Daniel Ek saw that opportunity in the wake of the collapse of Napster and other P2P file sharing networks in the early 2000s. The networks had promoted large-scale “sharing” (now viewed as wholesale copyright infringement), that at the time was a huge grey area of the newly widespread internet. Consequently, the music industry had begun to see album sales plunge as listeners turned to consuming music online, often from illegal sources.
Ek’s theory: would a percentage, even a tiny one, of people listening to music illegally be willing to pay a small fee for legal consumption?

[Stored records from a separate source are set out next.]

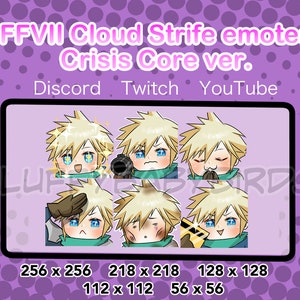 Könnte beinhalten: Sechs verschiedene animierte Emojis von Cloud Strife aus Final Fantasy VII: Crisis Core. Die Emojis sind in einem Raster von 2 Reihen und 3 Spalten angeordnet. Die Emojis sind alle im Chibi-Stil gehalten und zeigen Cloud mit verschiedenen Gesichtsausdrücken. Die Emojis sind mit ihren Abmessungen in Pixeln beschriftet.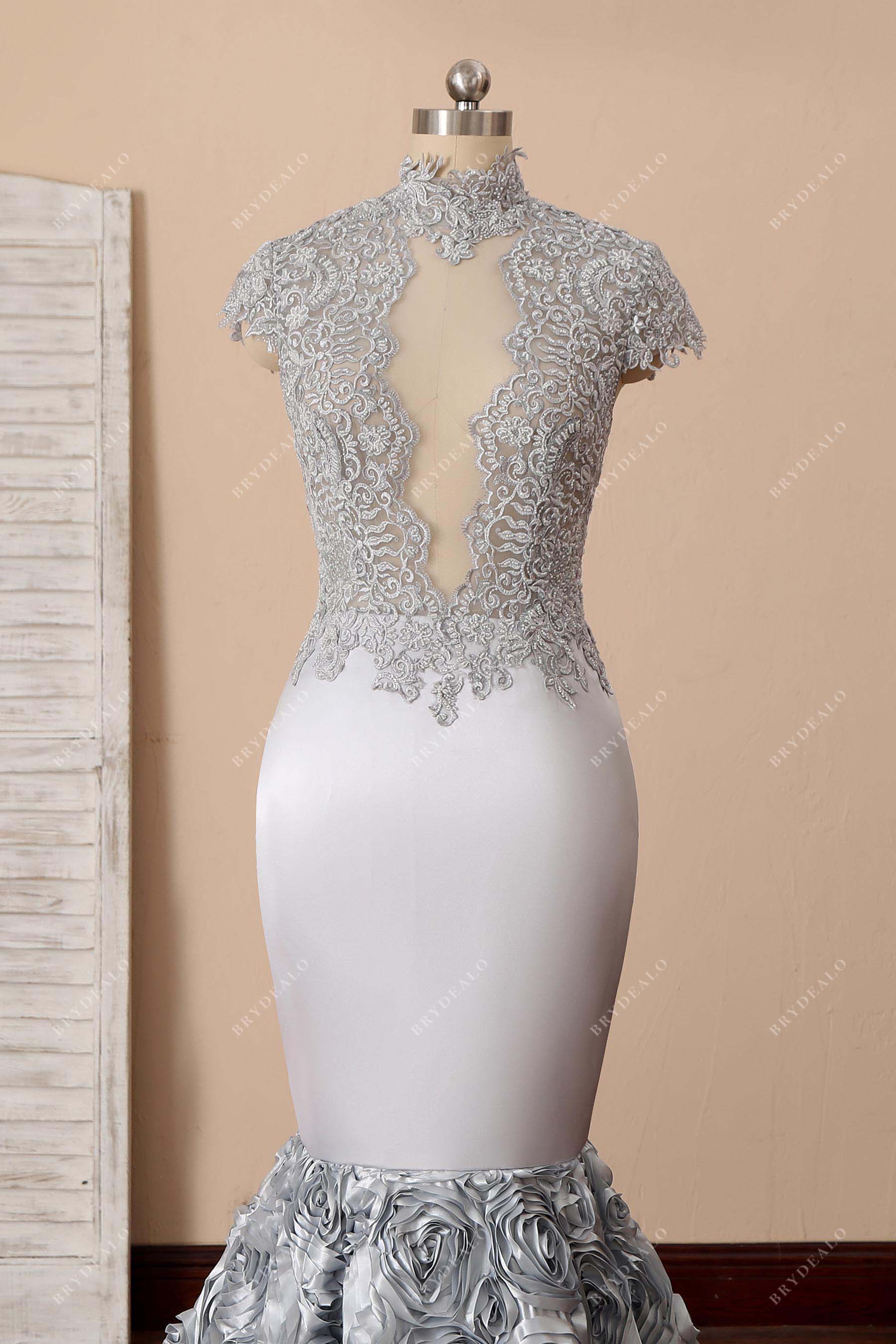 scalloped lace keyhole bodice dress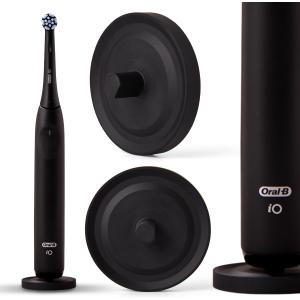 Black Oral-B Compatible Electric Toothbrush Holder for Bathroom, Aluminum Oral B Toothbrush Holder with Hygienic Drip Capture Stops Toppling with Metal Toothbrush Stand - Pack of 1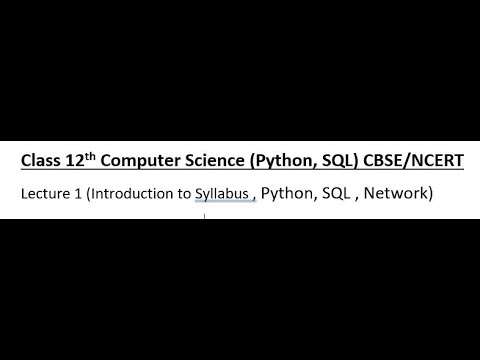 #1 Python Class 11 and 12 Computer Science - YouTube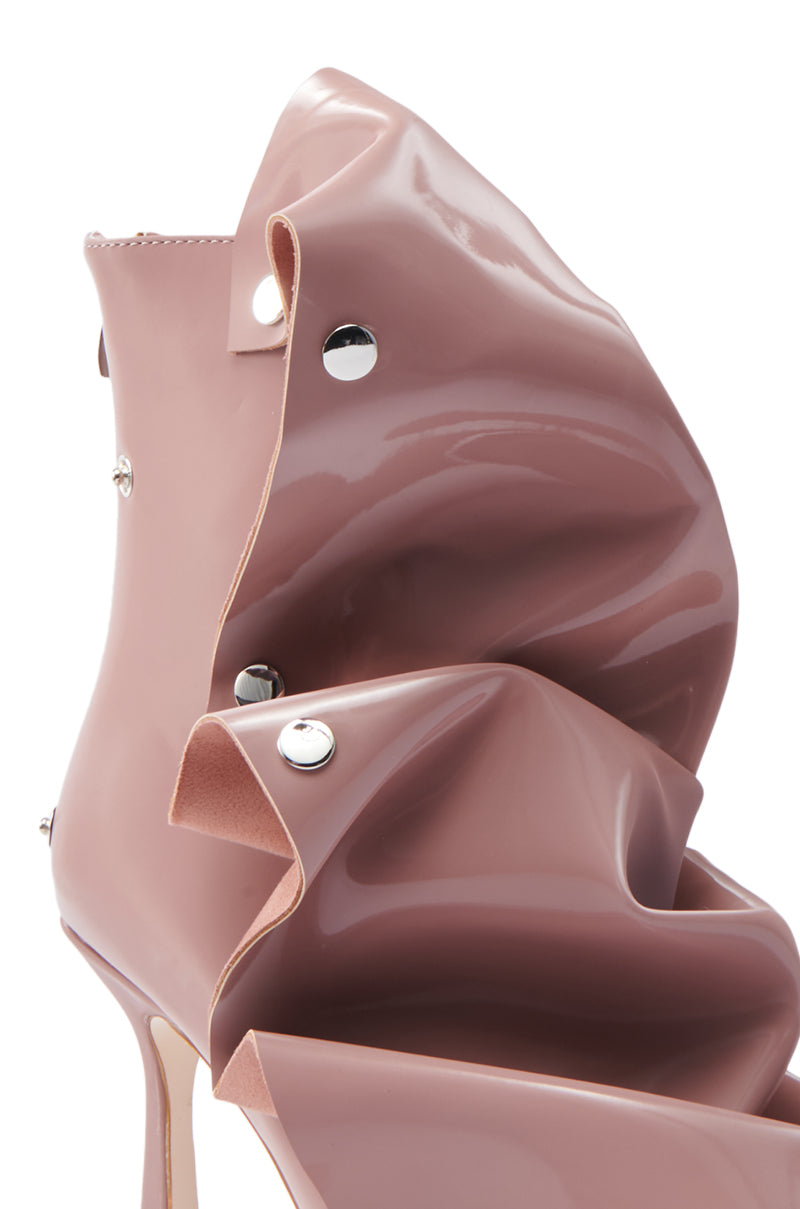 Close-up of the AZALEA WANG BIRD SONG SNAP OPEN TOE BOOTIE in mauve, featuring glossy pleated faux patent leather with silver buttons. The slender stiletto heel enhances its elegant avant-garde style.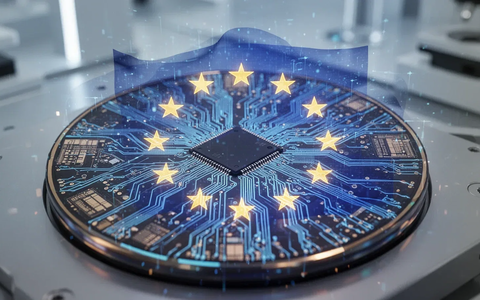 Nahaufnahme eines Halbleiter-Wafers mit komplexen Schaltkreisen und einer dezenten holografischen EU-Flagge, die Technologie und Industriepolitik symbolisiert. - Foto: über boerse-global.de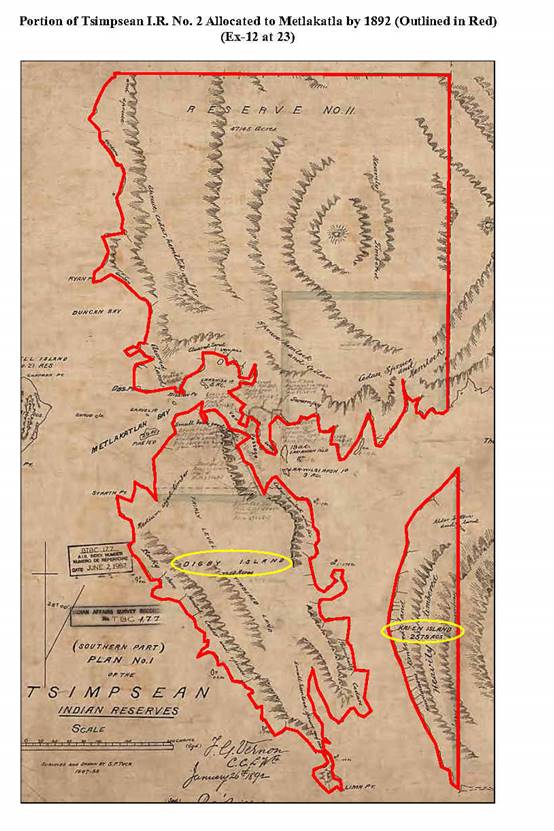 Map of the portion of Tsimpsean I.R. No. 2 allocated to Metlakatla by 1982 (outlined in Red),(Ex-12 at 23).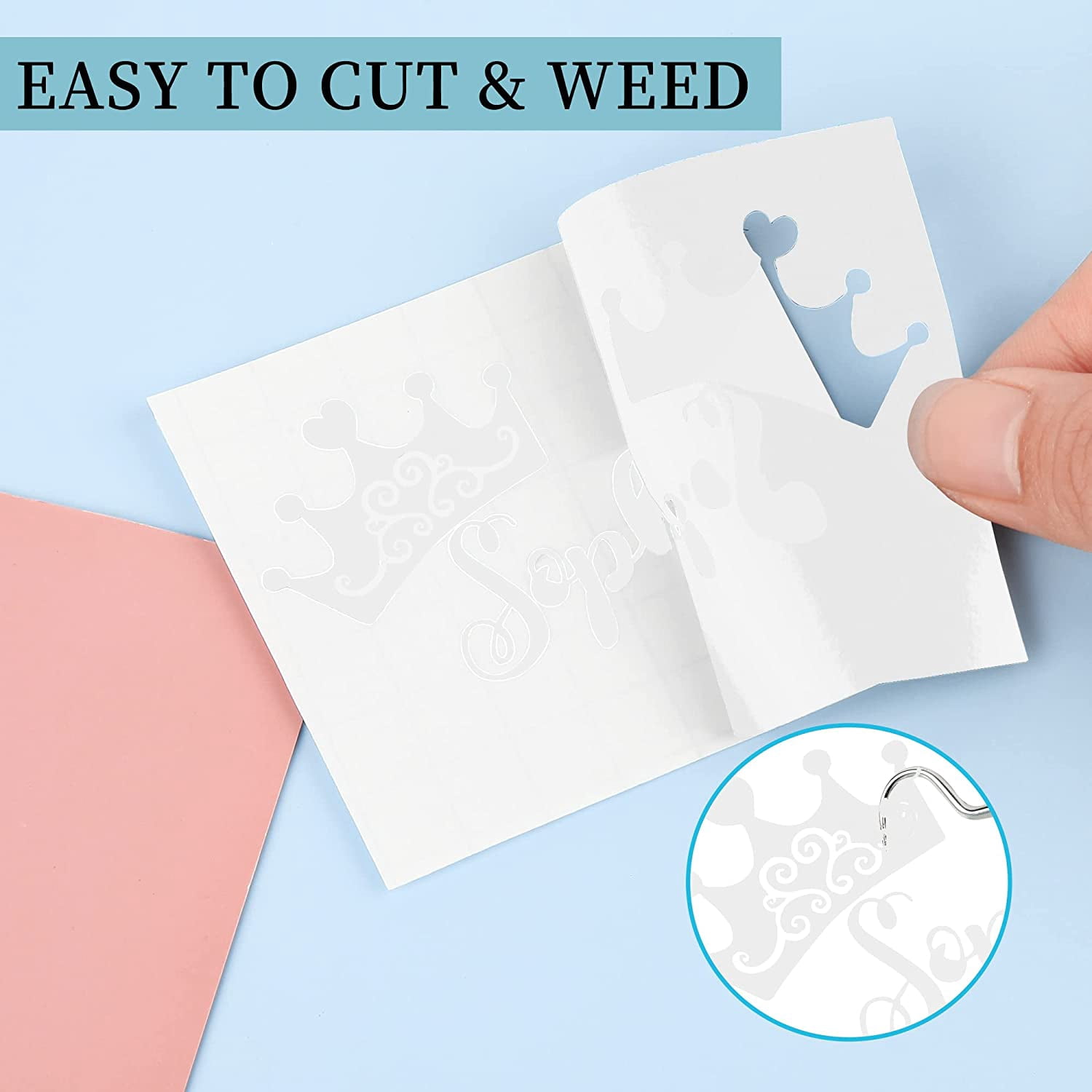 Matte White Permanent Vinyl, 30 Pack 12” x 12” for Cricut & Silhouette Cameo Cutters, Crafts, Signs, Scrapbooking, Waterproof, Indoor-Outdoor Use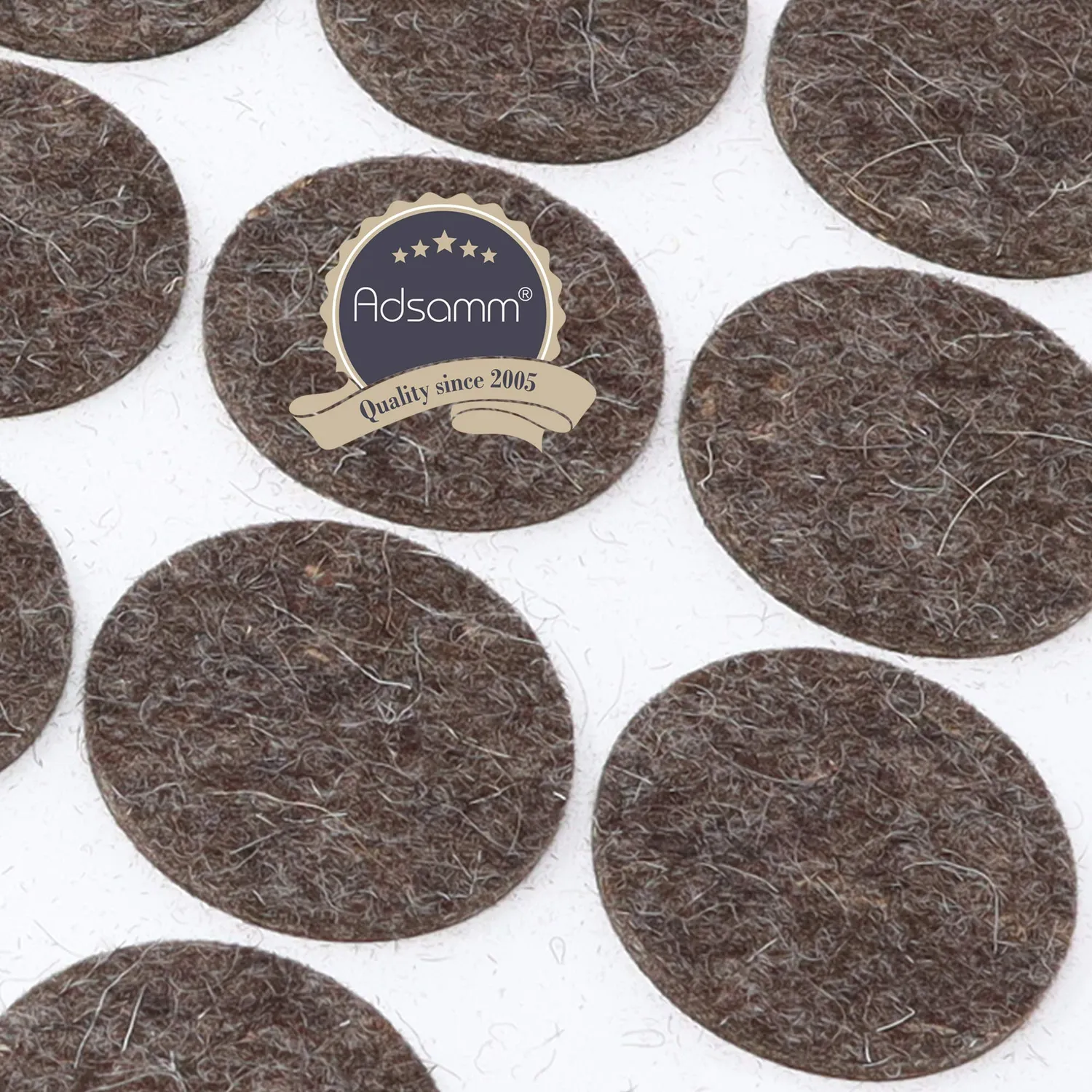 Adsamm Quality feltrini lana Ø 36 mm marrone 54 pezzi 3 mm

Proving to be true, Spotify was born out of this specific grey area. The startup was able to recognize that many of the elements of product-market fit were already in place, missing only a legal product. The music content was already in existence, online and mobile devices provided the perfect distribution channels and a market of existing music pirates ready to be converted to legal streamers.
With the release of their streaming service, music lovers could now access almost all of their favourite songs at no cost without any issues of legality. This simple value proposition is so strong that Spotify has been able to maintain an annual growth rate between 20 and 30 percent almost ten years after launch.
Finding Your Fit
While helpful to study how successful startups were able to gain traction and scale rapidly, these reviews can often lack applicability for new ventures.
How can an entrepreneur build interest in a product that’s designed for a specific market?
Through expanding perspective and a willingness to alter work that has already been done, product-market fit can be achieved sooner. Here’s 3 ideas for each part of the equation.
1. Iterate often.
One of the most frequent mistakes entrepreneurs make is getting attached to their particular product as opposed to the problem their trying to solve. Break this bond and your willingness to implement product changes will increase.
At an early stage, every opportunity to tinker or adjust a product for positive adoption should be taken. The downsides are minimal and what can be learned through experimentation can be immensely valuable.
Unique and core features may be more difficult to modify but pay attention to external elements of a product’s overall offering. Website copy, pricing, packaging, colour schemes and trial lengths are all important levers to pull in generating interest.
2. Work through established channels.
As the Dropbox example showed, often times the connection between product and market can be the most difficult part. Today’s digital age presents a multitude of distribution options for entrepreneurs, but which may be right for a given product?
Keep things simple and work through channels that have already been established between a target market. Consumers normally assign more trust and credibility to channels they are accustom to, helping to de-risk products that may be untested.
A good question to ask yourself: if I wanted to learn more about X, where would I go?
3. Solution-based positioning.
Everyone has problems and more incoming information than they can handle.
To stand out, be less “noise” and more of a personal “voice” to customers. Show them how you can solve a particular problem and how great their lives will be afterwards. This approach will win 9 times of out 10.
Important things to remember: features mean nothing to the majority of people and time is usually in short supply. Skip to what people want to hear and position benefits prominently.
Not-so-fun, not-so-empirical fact: many great products and businesses die by failing to ever connect with their market.
Sound business idea, group of potential customers who share a problem and a paid marketing campaign all leading to nothing.
No alignment means no dollars.
Making product-market fit a central part of any business strategy can make a world of difference. The effects of a strategy centred on this idea can help build the foundation of continuous research and learning for a business.
Strive for balance between the three components and continue to experiment even when all seems to be well. In the end, no fit will ever be permanent.